The chase and battle scenes are quite exciting, and you can feel the anticipation and fight-or-flight tension of Aubrey and the crew in every engagement. The author writes in a style that is as true to the era as his details: although Master and Commander was published in 1969, one could easily believe it was actually written during the time period it's set in. O'Brian does a decent job of building interpersonal conflict and character development into the story as well, though it's clear that the battles are where his heart is at, and the ships are sometimes less wooden than the characters. Aubrey and Maturin are a rather entertaining couple though, a sort of Holmes/Watson except that Aubrey is actually likable too. He's a plump, jolly fellow who is brave, ambitious, unabashedly greedy, and possessed of enormous appetites, both gustatory and carnal. It's the latter that seems to get him in the most trouble: besides coming down with the clap (Maturin gives him a cheerful speech about how his lady has been "too generous in her kindness, too liberal with her affections," obviously enjoying Aubrey's consternation), it turns out that diddling your commanding officer's wife can have deleterious effects on your career. But despite having his glory stolen and facing a court-martial, there's not much to spoil about the ending, since there were, after all, twenty books in this series.

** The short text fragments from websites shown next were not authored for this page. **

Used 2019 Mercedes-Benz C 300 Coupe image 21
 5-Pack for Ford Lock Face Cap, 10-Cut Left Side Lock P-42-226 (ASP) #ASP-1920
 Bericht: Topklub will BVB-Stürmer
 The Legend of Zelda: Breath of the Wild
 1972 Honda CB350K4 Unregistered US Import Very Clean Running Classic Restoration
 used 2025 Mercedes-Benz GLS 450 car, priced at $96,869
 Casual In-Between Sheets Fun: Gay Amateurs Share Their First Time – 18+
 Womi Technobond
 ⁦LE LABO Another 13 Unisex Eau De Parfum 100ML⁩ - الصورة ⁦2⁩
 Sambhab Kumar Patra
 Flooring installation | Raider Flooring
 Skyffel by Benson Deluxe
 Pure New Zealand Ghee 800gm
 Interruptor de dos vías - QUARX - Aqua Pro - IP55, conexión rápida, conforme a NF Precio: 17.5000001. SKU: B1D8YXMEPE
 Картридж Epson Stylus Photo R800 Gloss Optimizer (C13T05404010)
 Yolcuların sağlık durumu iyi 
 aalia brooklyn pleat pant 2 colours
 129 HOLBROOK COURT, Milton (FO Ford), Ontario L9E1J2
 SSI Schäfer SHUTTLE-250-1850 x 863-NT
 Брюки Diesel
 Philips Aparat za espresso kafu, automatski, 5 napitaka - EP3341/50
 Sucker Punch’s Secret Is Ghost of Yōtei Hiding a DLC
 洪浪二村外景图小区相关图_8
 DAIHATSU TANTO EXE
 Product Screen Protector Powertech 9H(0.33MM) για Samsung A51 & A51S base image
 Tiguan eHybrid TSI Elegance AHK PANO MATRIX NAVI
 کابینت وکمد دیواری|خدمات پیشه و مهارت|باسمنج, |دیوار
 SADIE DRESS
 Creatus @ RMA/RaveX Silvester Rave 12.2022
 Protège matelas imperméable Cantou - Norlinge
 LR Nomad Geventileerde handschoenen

Master and Commander: The Far Side of the World (2003)
This is a glorious movie, but it splices together the plots from several different O'Brian novels, and bears little resemblance to the first book. It portrays Aubrey further into his career, and takes place off the coast of South America, rather than in the Mediterranean. Aubrey's ship in the movie, the HMS Surprise, is much larger than the tiny Sophie, though as in the book, its primary adversary is a larger, more advanced ship against whom it's severely outmatched, and Aubrey wins by cunning and a little luck.
The relationship between Aubrey and Maturin isn't the highlight of the movie, though it's a centerpiece, with Maturin playing the cynic in counterpoint to Aubrey's blustery military enthusiasm. Most of the other characters are completely different.
Great movie, and really captures the cramped quarters of shipboard life (though again, the ship in this movie was a lot larger than the one Aubrey commands in Master and Commander), as well as the sheer terror of standing on a wooden ship facing an enemy broadside, with nothing but luck preventing a cannonball from tearing you in half. It's a faithful adaptation of the feel of the first book, but not the story.
My only complaint is Russell Crowe as Aubrey; he delivers a fine performance, but if only Hollywood didn't have to cast every main character with movie star good looks. Beefy, red-faced, VD-prone Jack Aubrey ain't no Hollywood leading man.
Verdict: Master and Commander is a salty sea adventure with booming cannons and ample verisimilitude, and obviously the inspiration for many military SF imitators like Elizabeth Moon and David Weber. It's long on detail and action, a bit short on character development, and the pace is not always brisk. I liked it well enough, and might try another one of O'Brian's novels in the future, though I think you'd have to really, really love you some sailing ships to want to read twenty of these.